I agree that changing RWX overlay permission for pkey 0 to anything else is a really bad idea. We can't prevent it but we shouldn't actively try to work around it in the kernel either. With the current signal ABI, I don't think we should support anything other than pkey 0 for the stack. Since the user shouldn't change the pkey 0 RWX overlay permission anyway, I don't think we should reset POR_EL0 _prior_ to writing the signal frame. The best we can do is document it somewhere.
So on patch 3 I'd only ensure that we have POR_EL0_INIT when invoking the signal handler and not when performing the uaccess. If the uaccess fails, we'd get a fatal SIGSEGV. The user may have got it already if it made the stack read-only.
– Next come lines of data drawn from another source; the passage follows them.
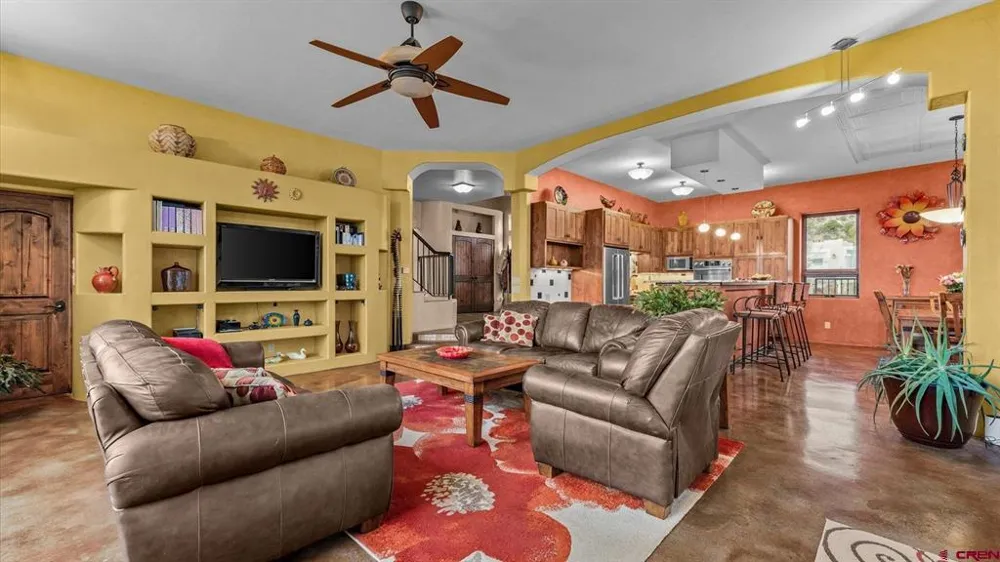 1212 County Road 238 Silt, CO 81652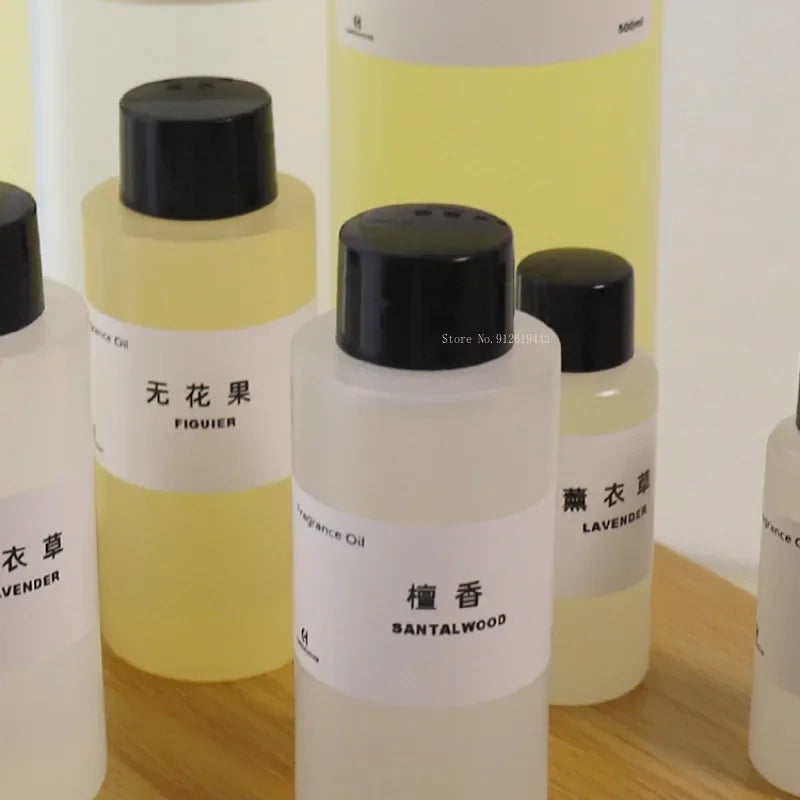 30ml/50ml/ Bottle of Scented Candle Essential Oil - ATSProducts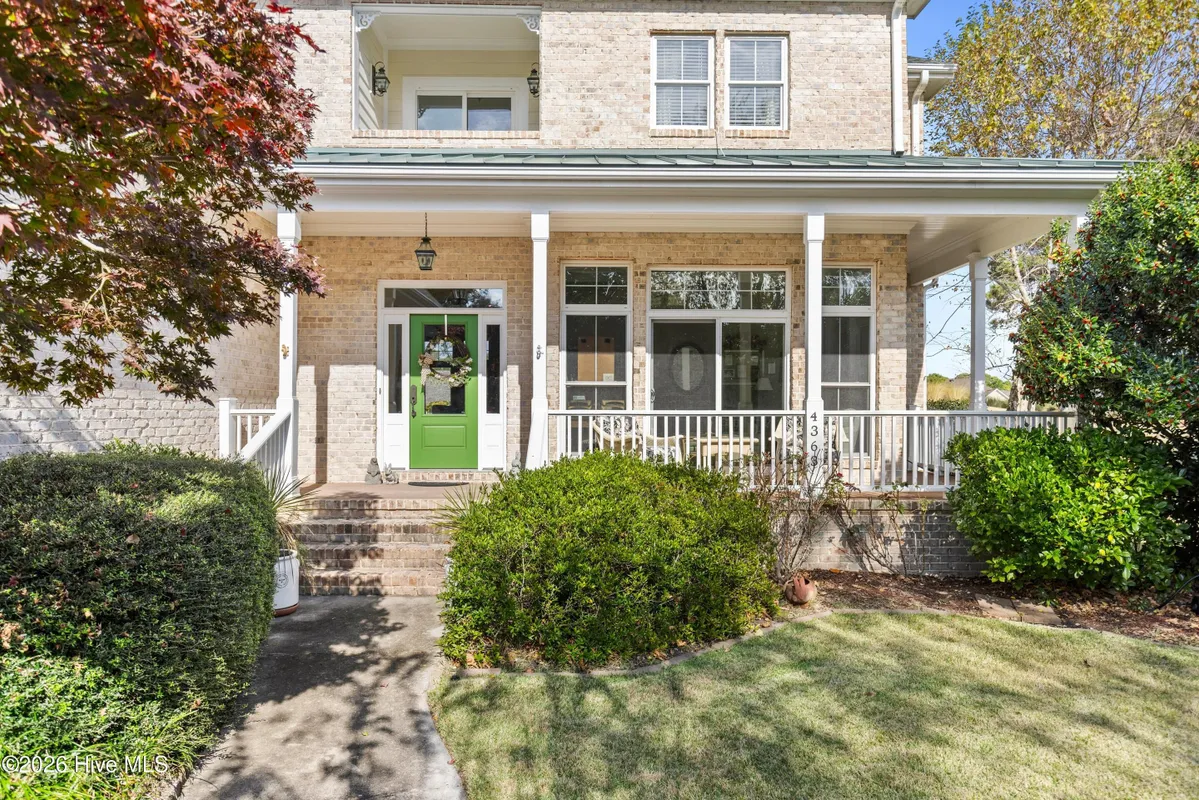 Property Slideshow image 1 of 35 | 4363 gauntlet dr, Southport, NC, 28461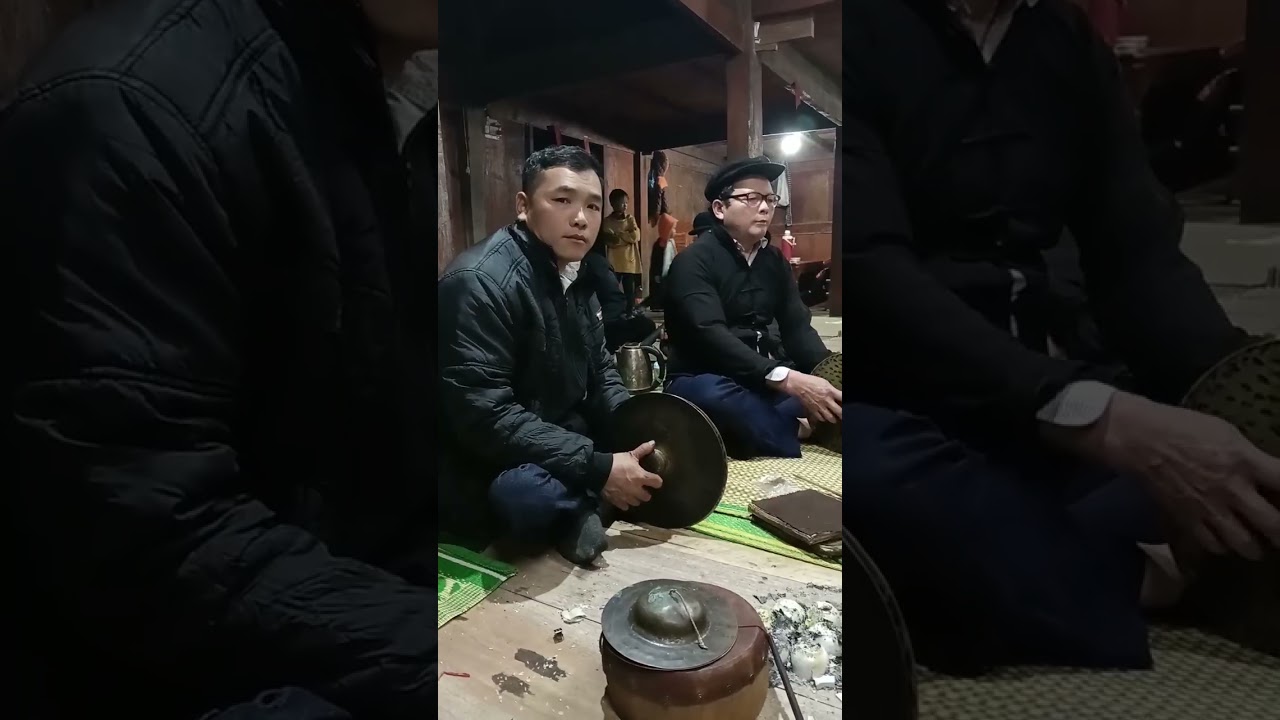 Chay sấy nhàng sối sthiên bằn sảng tại thôn tà muồng ngọc long 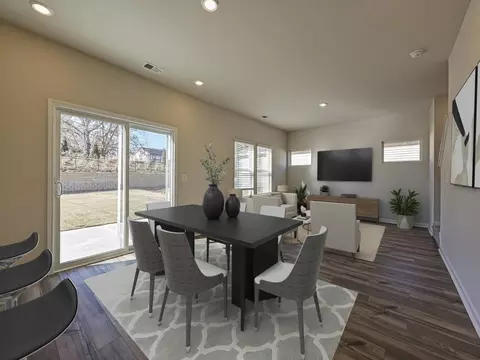 1506 Harper Landing Blvd, Stanley, NC 28164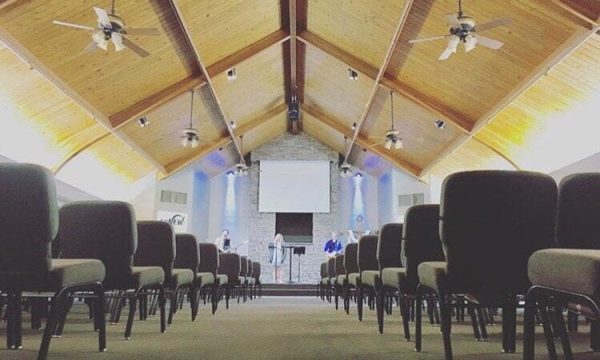 first missionary baptist church redlands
Hmm, but based on what Kevin's saying, this would mean actively choosing a different ABI than what x86 is trying to get to.
I was more thinking of not relaxing the ABI further at this point in the rc cycle rather than completely diverging (x86 did relax the ABI subsequently to handle non-zero pkey sigaltstack).
Currently the primary use of pkeys is for W^X and signal stacks shouldn't fall into this category. If we ever have a strong case for non-zero pkeys on the signal stack, we'll need to look into some new ABI. I'm not sure about SS_* flags though, I think the signal POR_EL0 should be associated with the sigaction rather than the stack (the latter would just be mapped by the user with the right pkey, the kernel doesn't need to know which, only what POR_EL0 is needed by the handler).
Until such case turns up, I'd not put any effort into ABI improvements.
Kevin -- do you know what prompted x86 to want the pkey to be reset early in signal delivery? Perhaps such a use-case already exists.
Given the email from Pierre with Chrome potentially using a sigaltstack with a non-zero pkey, Kevin's patches (and the x86 changes) make more sense. The question is whether we do this as a fix now or we leave the relaxation for a subsequent kernel release. I guess we could squeeze it now if we agree on the implementation.